Load CSV file from S3 bucket into DataFrame.

In [2]:
import sagemaker
import pandas as pd

In [3]:
sess = sagemaker.Session()

bucket_name = sess.default_bucket()
role_name = sagemaker.get_execution_role()

bucket_prefix = "neural-search"

In [111]:
DATA_LIMIT = 96

data_location = f"s3://{bucket_name}/{bucket_prefix}/data/movies_metadata.csv"
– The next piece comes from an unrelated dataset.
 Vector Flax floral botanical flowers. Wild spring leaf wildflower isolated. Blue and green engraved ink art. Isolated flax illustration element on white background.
df = pd.read_csv(data_location)[["title", "overview"]]
df = df[df["overview"].notna()]

df = df.head(DATA_LIMIT)

df.head(2)

  exec(code_obj, self.user_global_ns, self.user_ns)


Unnamed: 0,title,overview
0,Toy Story,"Led by Woody, Andy's toys live happily in his ..."
1,Jumanji,When siblings Judy and Peter discover an encha...


## Load embedding model

Load the sentence embedding transformer model.

In [5]:
from transformers import BertModel, BertTokenizer
import torch
import numpy as np

In [95]:
model_name = "bert-base-uncased"

device = torch.device("cuda" if torch.cuda.is_available() else "cpu")

tokenizer = BertTokenizer.from_pretrained(model_name)
text_model = BertModel.from_pretrained(model_name).to(device)
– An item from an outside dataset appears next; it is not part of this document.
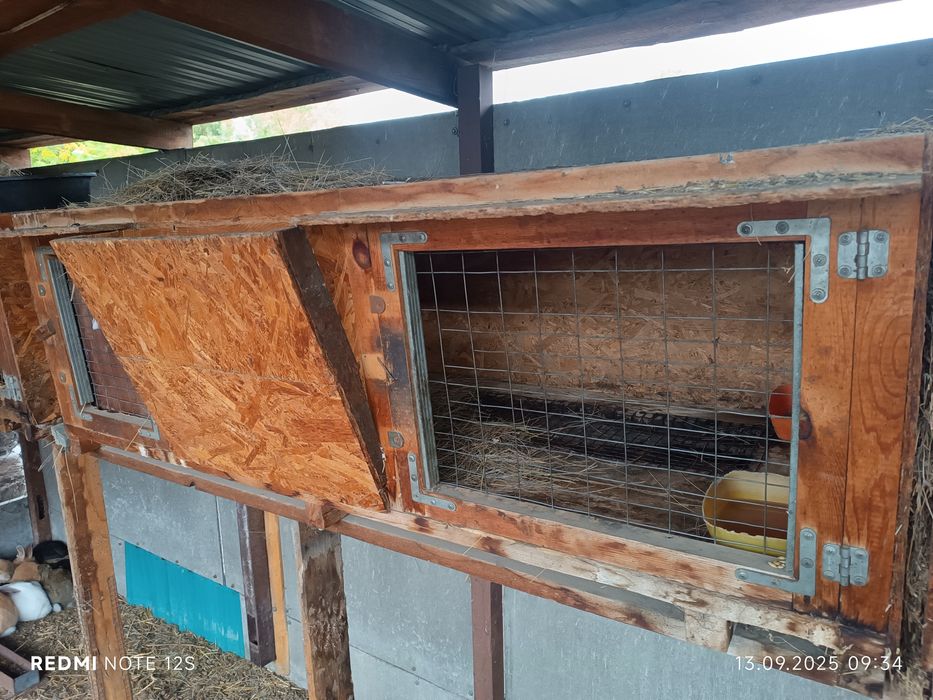 Клетки для кроликов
Some weights of the model checkpoint at bert-base-uncased were not used when initializing BertModel: ['cls.seq_relationship.weight', 'cls.predictions.transform.dense.bias', 'cls.predictions.decoder.weight', 'cls.predictions.bias', 'cls.predictions.transform.LayerNorm.bias', 'cls.predictions.transform.dense.weight', 'cls.seq_relationship.bias', 'cls.predictions.transform.LayerNorm.weight']
- This IS expected if you are initializing BertModel from the checkpoint of a model trained on another task or with another architecture (e.g. initializing a BertForSequenceClassification model from a BertForPreTraining model).
- This IS NOT expected if you are initializing BertModel from the checkpoint of a model that you expect to be exactly identical (initializing a BertForSequenceClassification model from a BertForSequenceClassification model).


In [10]:
def mean_pooling(model_output, attention_mask):
    token_embeddings = model_output.last_hidden_state
    input_mask_expanded = (
        attention_mask.unsqueeze(-1).expand(token_embeddings.size()).float()
    )
    
    pooled = torch.sum(token_embeddings * input_mask_expanded, 1) / torch.clamp(input_mask_expanded.sum(1), min=1e-9)
    
    return torch.nn.functional.normalize(pooled, p=2, dim=1)

In [27]:
def create_embeddings(text, tokenizer, model, device):
    encoded_input = tokenizer(
        text,
        padding=True,
        truncation=True,
        return_tensors="pt"
    ).to(device)
    
    with torch.no_grad():
        model_output = model(**encoded_input)
    
    return mean_pooling(model_output, encoded_input["attention_mask"])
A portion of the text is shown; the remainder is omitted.